Spinal nerve root avulsion is a longitudinal spinal cord injury that affects mainly the final common motor pathway and the primary sensory medullary trajectories. In humans this occurs most frequently in traction injuries to the brachial plexus but also in trauma to the lumbosacral plexus and cauda equina as well as conus medullaris. This injury has serious effects on the pertinent spinal cord segment with the breakdown of connections and networks, death of motor, autonomic and sensory neurons, and the development of a spinal cord scar. This injury often occurs as a result of road traffic accidents or violent acts. About 1000 patients are affected annually in the UK. The functional consequence of such injury is lower motoneuron syndromes, associated with autonomic paralysis including dysfunctional internal organs, limb muscle atrophy, sensory impairment, and chronic pain. Spinal nerve root injury has been associated with an overall poor clinical outcome as a successful surgical repair would require axonal regrowth within the central nervous system as spinal cord regeneration. A surgical technique for the repair of this spinal cord injury was developed from basic science experiments and successfully translated to humans (Havton and Carlstedt, 2009).

Today, the reimplantation of avulsed ventral roots to the spinal cord in total brachial plexus avulsion injury restores useful proximal limb function and is the method of choice in the treatment of such devastating injuries. Even hand function can be restored by this technique. By means of functional magnetic resonance imaging (fMRI) it was established that the restored hand function relayed on pre-injury established cortical sensory program (Carlstedt et al., 2009).
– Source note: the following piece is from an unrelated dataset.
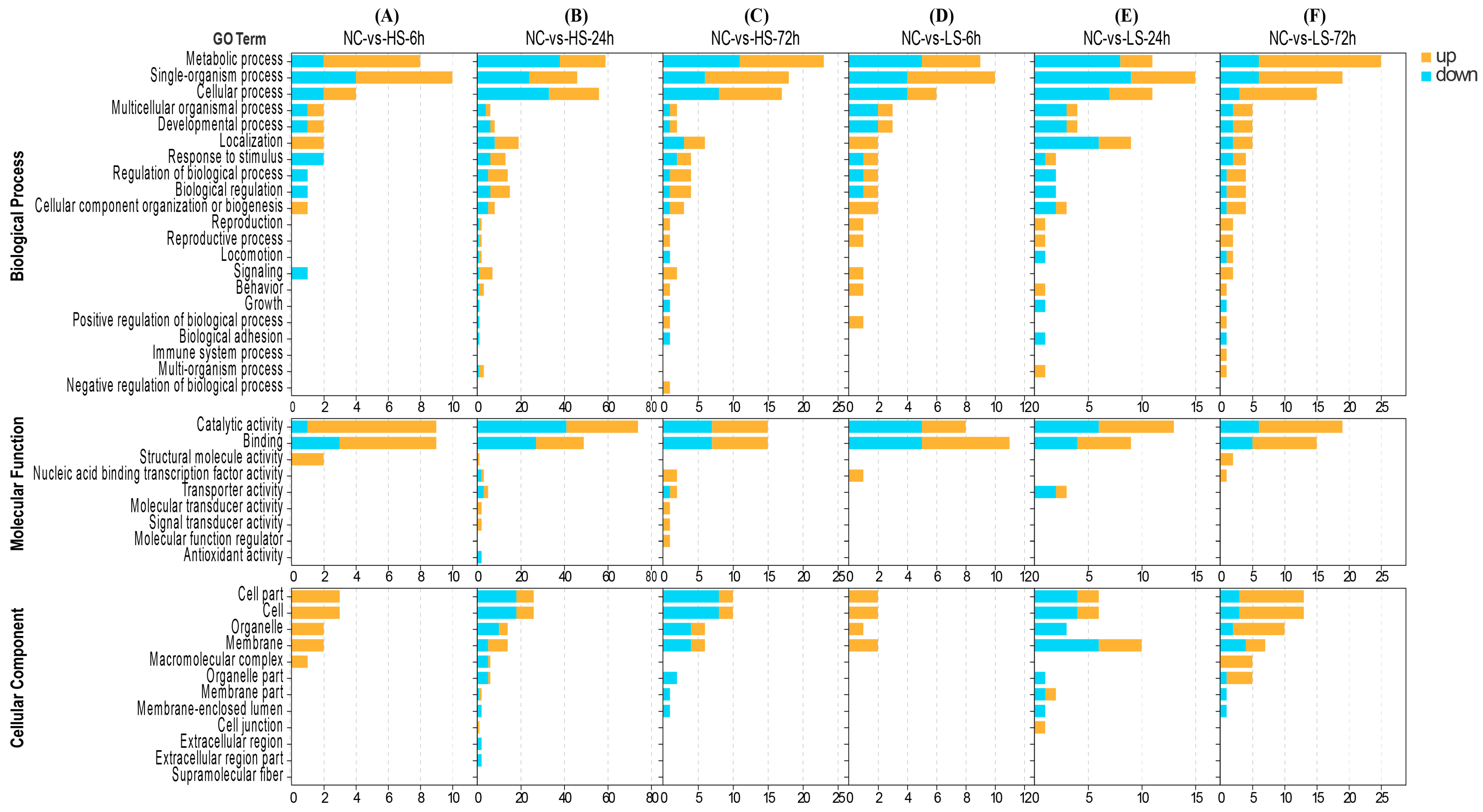 Biology 13 00530 g002 Biology 13 00530 g002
Sensory roots are not possible to replant with functional recovery. Sensory recovery is therefore not occurring. In some cases as an expression of plasticity there are phenomenona observed as referrals of sensation to the denervated limb as well as hypersensitivity at border zones between normal and denervated dermatomes. When nerve graft has been implanted into the dorsal part of the spinal cord it has been possible to record return of some aspects of sensation. There was in such a case possible to elicit a biceps reflex and also record by means of electrophysiology a H-reflex proving that by this surgical technique it has been possible to restore a sensory-motor spinal cord reflex. However, neither quantitative sensory testing (QST), nor contact heat evoked potential stimulation (CHEPs) could demonstrate any exteroceptive sensory qualities.

Pain, which is most severe and excruciating in most cases of brachial plexus avulsion injuries, was found to be alleviated in conjunction with motor recovery after motor (but not sensory) root replantation. The mechanisms behind this are elusive but recent observations have indicated that there is retrograde transneuronal degeneration into the spinal cord dorsal horn following ventral root avulsion. This is reversed by ventral root replantation.

These observations achieved by spinal cord surgery will serve as baseline data when assessing the effects of future application of adjuvant therapies.

Conflict of Interest Statement

The authors declare that the research was conducted in the absence of any commercial or financial relationships that could be construed as a potential conflict of interest.